Thread: cache invalidation for PL/pgsql functions

cache invalidation for PL/pgsql functions

From

Robert Haas

Date:

28 April 2015, 17:43:54

The following behavior surprised me, and a few other people at
EnterpriseDB, and one of our customers:

rhaas=# create table foo (a int);
CREATE TABLE
rhaas=# create or replace function test (x foo) returns int as $$begin
return x.b; end$$ language plpgsql;
CREATE FUNCTION
rhaas=# alter table foo add column b int;
ALTER TABLE
rhaas=# select test(null::foo);
ERROR:  record "x" has no field "b"
LINE 1: SELECT x.b              ^
QUERY:  SELECT x.b
CONTEXT:  PL/pgSQL function test(foo) line 1 at RETURN
rhaas=# \c
You are now connected to database "rhaas" as user "rhaas".
rhaas=# select test(null::foo);test
------

(1 row)

I hate to use the term "bug" for what somebody's probably going to
tell me is acceptable behavior, but that seems like a bug.  I guess
the root of the problem is that PL/plgsql's cache invalidation logic
only considers the pg_proc row's TID and xmin when deciding whether to
recompile.  For base types that's probably OK, but for composite
types, not so much.

Thoughts?

-- 
Robert Haas
EnterpriseDB: http://www.enterprisedb.com
The Enterprise PostgreSQL Company

Re: cache invalidation for PL/pgsql functions

From

Pavel Stehule

Date:

28 April 2015, 17:59:01

2015-04-28 19:43 GMT+02:00 Robert Haas <robertmhaas@gmail.com>:

The following behavior surprised me, and a few other people at
EnterpriseDB, and one of our customers:

rhaas=# create table foo (a int);
CREATE TABLE
rhaas=# create or replace function test (x foo) returns int as $$begin
return x.b; end$$ language plpgsql;
CREATE FUNCTION
rhaas=# alter table foo add column b int;
ALTER TABLE
rhaas=# select test(null::foo);
ERROR: record "x" has no field "b"
LINE 1: SELECT x.b
^
QUERY: SELECT x.b
CONTEXT: PL/pgSQL function test(foo) line 1 at RETURN
rhaas=# \c
You are now connected to database "rhaas" as user "rhaas".
rhaas=# select test(null::foo);
test
------

(1 row)

I hate to use the term "bug" for what somebody's probably going to
tell me is acceptable behavior, but that seems like a bug. I guess
the root of the problem is that PL/plgsql's cache invalidation logic
only considers the pg_proc row's TID and xmin when deciding whether to
recompile. For base types that's probably OK, but for composite
types, not so much.

Thoughts?

It is inconsistent - and I know so one bigger Czech companies, that use Postgres, had small outage, because they found this issue, when deployed new version of procedure.

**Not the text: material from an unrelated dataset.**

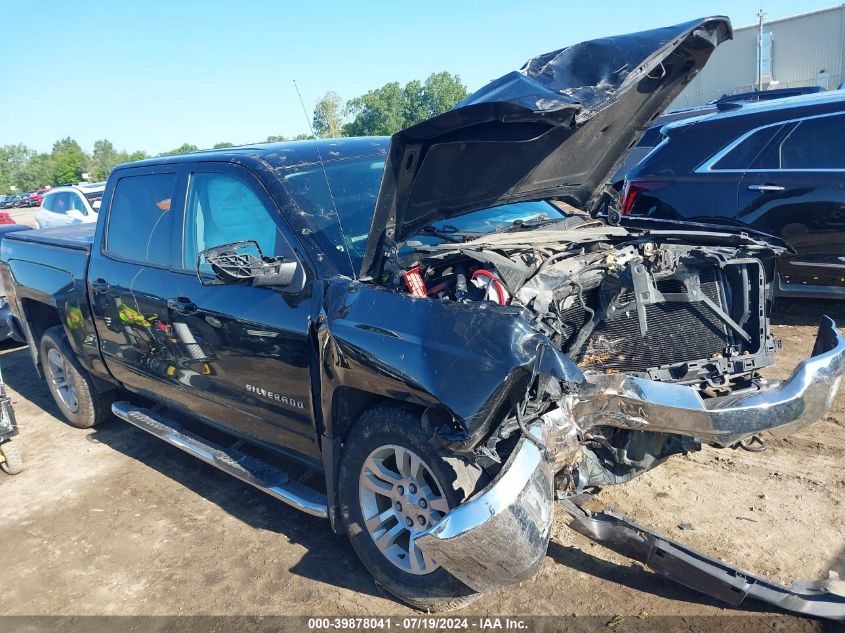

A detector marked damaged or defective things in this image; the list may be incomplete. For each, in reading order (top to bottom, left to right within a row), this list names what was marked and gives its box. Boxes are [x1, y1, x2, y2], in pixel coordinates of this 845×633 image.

damaged hood [362, 17, 732, 276]
crashed front end [414, 316, 844, 612]
damaged bumper [418, 316, 844, 604]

The question is what is a cost of fixing

Regards

Pavel

--
Robert Haas
EnterpriseDB: http://www.enterprisedb.com
The Enterprise PostgreSQL Company

--
Sent via pgsql-hackers mailing list (pgsql-hackers@postgresql.org)
To make changes to your subscription:
http://www.postgresql.org/mailpref/pgsql-hackers

Re: cache invalidation for PL/pgsql functions

From

Jim Nasby

Date:

28 April 2015, 18:27:07

On 4/28/15 12:58 PM, Pavel Stehule wrote:
>     I hate to use the term "bug" for what somebody's probably going to
>     tell me is acceptable behavior, but that seems like a bug.  I guess
>     the root of the problem is that PL/plgsql's cache invalidation logic
>     only considers the pg_proc row's TID and xmin when deciding whether to
>     recompile.  For base types that's probably OK, but for composite
>     types, not so much.
>
>     Thoughts?
>
>
> It is inconsistent  - and I know so one bigger Czech companies, that use
> Postgres, had small outage, because they found this issue, when deployed
> new version of procedure.
>
> The question is what is a cost of fixing

We don't actually consider the argument types at all (pl_comp.c:169):
    /* We have a compiled function, but is it still valid? */    if (function->fn_xmin ==
HeapTupleHeaderGetRawXmin(procTup->t_data)&&        ItemPointerEquals(&function->fn_tid, &procTup->t_self))
 

Perhaps pg_depend protects from a base type changing.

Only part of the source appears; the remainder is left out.